SERENDIPITY was released in theaters on October 5th, 2001. But before that, Miramax did what all studios do with their movies and screened it to test audiences several months earlier. My girlfriend and I were living in Kansas City at the time and as we were standing in line to buy tickets to another movie, a PR rep came over and asked us if we wanted to see the new John Cusack film and then talk about it afterwards. This was the first test screening for both of us and being young movie fans, we were very excited. Flash forward to October 5th, 2001 and through the use of a few contacts I had, I was able to get access to a theater early that morning. I invited my girlfriend to see the movie and as the end credits popped up, a message asking her to marry me soon followed. Ten years later, SERENDIPITY still holds a special place in our hearts.

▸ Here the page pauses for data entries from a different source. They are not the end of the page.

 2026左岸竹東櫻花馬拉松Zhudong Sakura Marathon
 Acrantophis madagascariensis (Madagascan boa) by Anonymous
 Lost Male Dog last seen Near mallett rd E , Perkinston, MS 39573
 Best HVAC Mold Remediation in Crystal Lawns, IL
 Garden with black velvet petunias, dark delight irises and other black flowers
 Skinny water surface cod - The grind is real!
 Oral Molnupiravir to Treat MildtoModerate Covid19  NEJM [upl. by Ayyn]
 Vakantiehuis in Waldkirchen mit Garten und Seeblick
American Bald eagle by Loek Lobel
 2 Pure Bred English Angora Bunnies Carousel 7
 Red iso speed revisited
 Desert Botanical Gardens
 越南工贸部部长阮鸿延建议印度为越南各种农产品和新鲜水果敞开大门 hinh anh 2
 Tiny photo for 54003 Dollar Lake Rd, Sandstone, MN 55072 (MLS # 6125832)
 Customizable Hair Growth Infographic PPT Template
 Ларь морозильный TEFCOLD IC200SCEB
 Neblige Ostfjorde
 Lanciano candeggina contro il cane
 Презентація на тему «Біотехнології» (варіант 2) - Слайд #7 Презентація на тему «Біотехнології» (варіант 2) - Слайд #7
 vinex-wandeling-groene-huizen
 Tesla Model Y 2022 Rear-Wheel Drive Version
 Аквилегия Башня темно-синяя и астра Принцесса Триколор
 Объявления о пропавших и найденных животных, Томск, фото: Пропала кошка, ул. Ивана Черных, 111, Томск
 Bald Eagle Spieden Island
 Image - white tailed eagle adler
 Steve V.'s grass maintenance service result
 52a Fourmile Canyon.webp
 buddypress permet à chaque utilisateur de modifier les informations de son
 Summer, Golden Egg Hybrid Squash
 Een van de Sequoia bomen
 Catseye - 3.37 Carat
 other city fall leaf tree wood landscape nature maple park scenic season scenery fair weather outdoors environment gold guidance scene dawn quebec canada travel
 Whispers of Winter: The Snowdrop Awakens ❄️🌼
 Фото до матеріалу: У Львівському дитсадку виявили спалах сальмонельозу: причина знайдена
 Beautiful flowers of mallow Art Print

I assume SERENDIPITY doesn’t have special meaning to everyone’s relationship with their spouse, so most of you look at this as just another movie. With that in mind, there are some things you have to accept if you’re going to get anything out of this. The first being that you’ll have to come to terms with the quirkiness of Sara Thomas (Kate Beckinsale) and her belief in fate being the catalyst for the entire film. Really, if she would have been more level headed in the beginning, the rest of the movie wouldn’t have happened. Once you get past that, then you have to accept that everything is going to work out and none of it will make logical sense. This is an indulgent romantic comedy and if you can’t buy into it, you’re not going to get anything out of it.
That said, the adventure of Sara and Jonathan (John Cusack) is a fun ride for the audience. We like them from the very beginning of their relationship as they accidentally bump into each other at Bloomingdales and from that point on, we want them to be together. But Sara’s aforementioned obsession with fate pulls them apart and when the film jumps to three years later, we learn that Jonathan is engaged to another woman. That sets in motion a series of coincidences that bring Sara and Jonathan back together…but it’s not easy. The ride to get them back together is what makes this film so much fun and even the most cynical of us can’t help but get goosebumps when Jonathan’s fiancée gives him his wedding gift.
Of course, the suspension of disbelief is made easier by the wonderfully charming performances from leads John Cusack and Kate Beckinsale, along with strong supporting turns from Jeremy Piven (Dean) and Molly Shannon (Eve) as Jonathan and Sara’s best friends. Jonathan and Sara were the ones on the crazy, surreal ride while Dean and Eve kept them, and the movie, grounded in reality. Eugene Levy showed up for some comic relief as the Bloomingdales clerk that reluctantly helps out Jonathan, but I found his antics more annoying than humorous.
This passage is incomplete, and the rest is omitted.